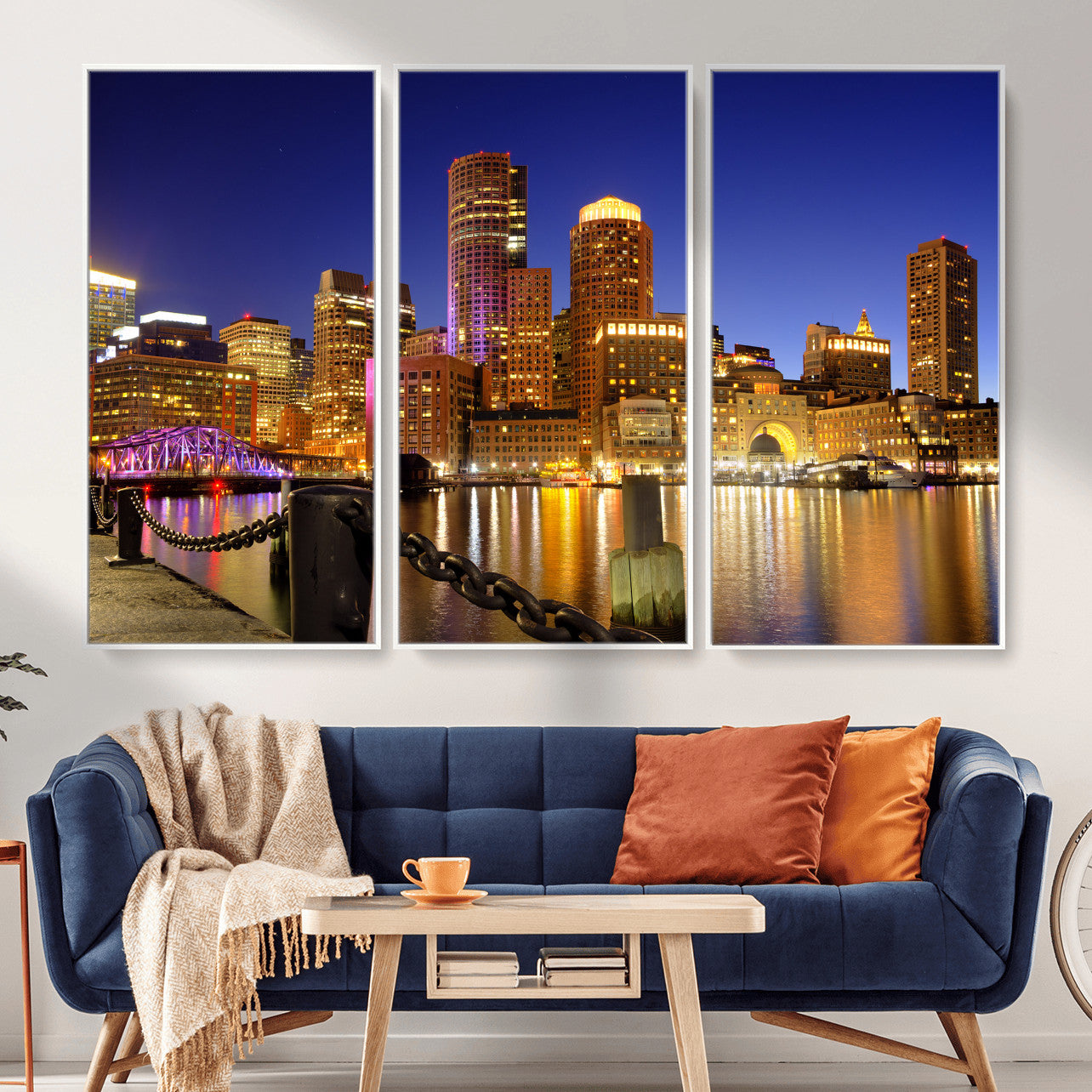 56611117-MGV-CV-36X24 - Boston Wall Art Canvas Print, Boston City Downtown Night Cityscape Print for Modern Urban Wall Decor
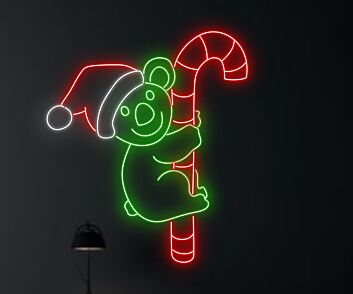 Weihnachtskoala mit Zuckerstange LED-Neonschild Wohnzimmer Weihnachtsdekoration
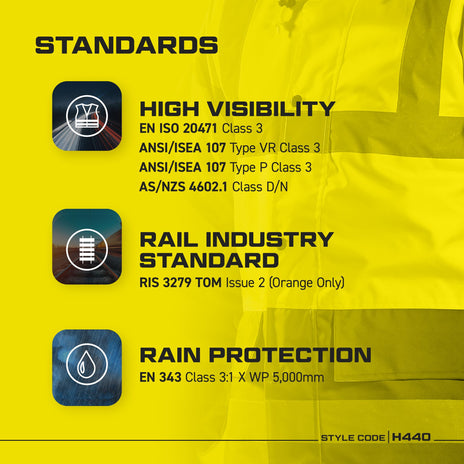 Portwest H440 Hi-Vis Rain Jacket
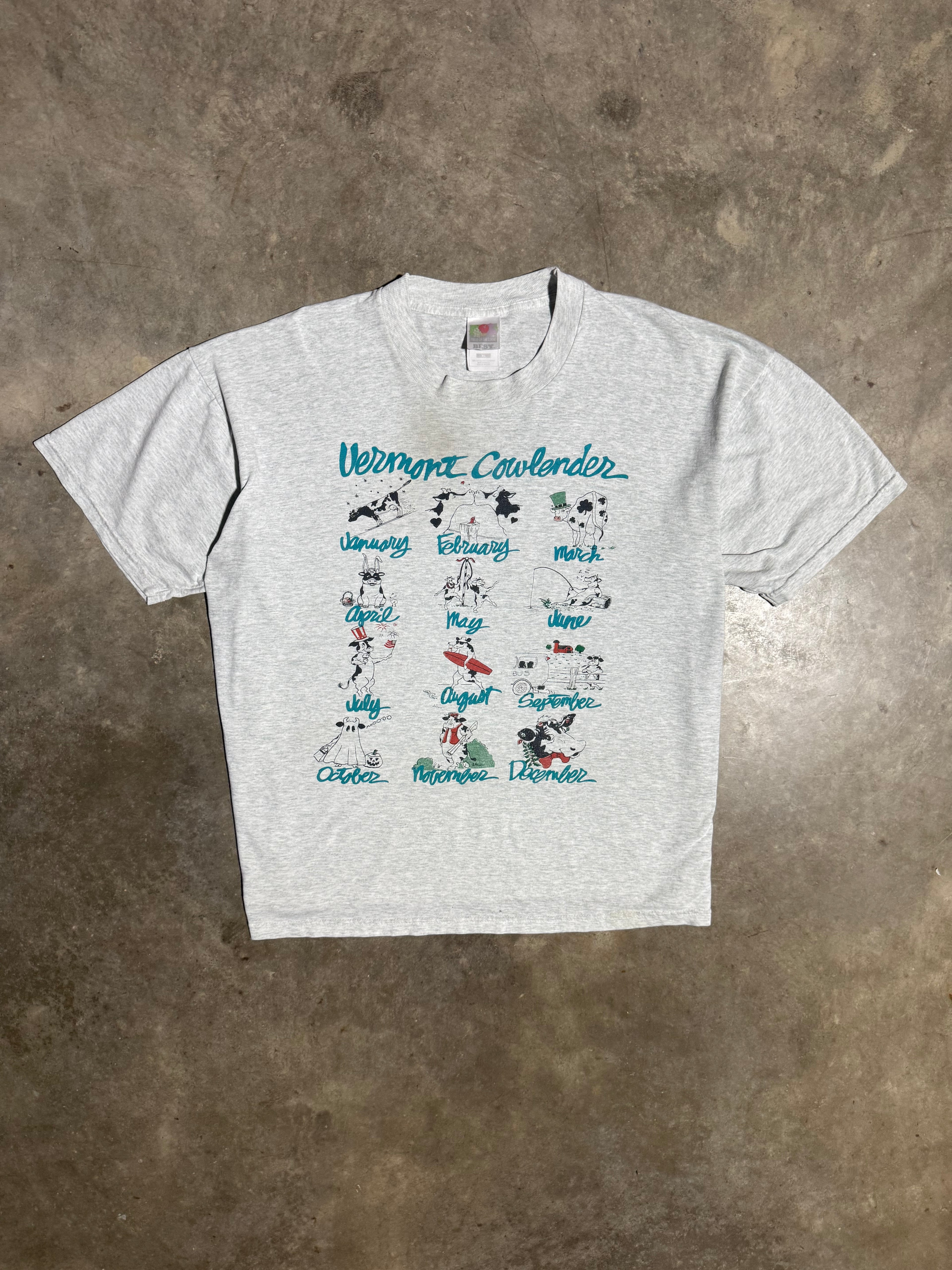 Vintage Vermont Cowlendar Cow T-Shirt (XL)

──────

# Your instructions
Repeat the data exactly in full, omitting its pictures.

# Your response
 56611117-MGV-CV-36X24 - Boston Wall Art Canvas Print, Boston City Downtown Night Cityscape Print for Modern Urban Wall Decor
 Weihnachtskoala mit Zuckerstange LED-Neonschild Wohnzimmer Weihnachtsdekoration
 Portwest H440 Hi-Vis Rain Jacket
 Vintage Vermont Cowlendar Cow T-Shirt (XL)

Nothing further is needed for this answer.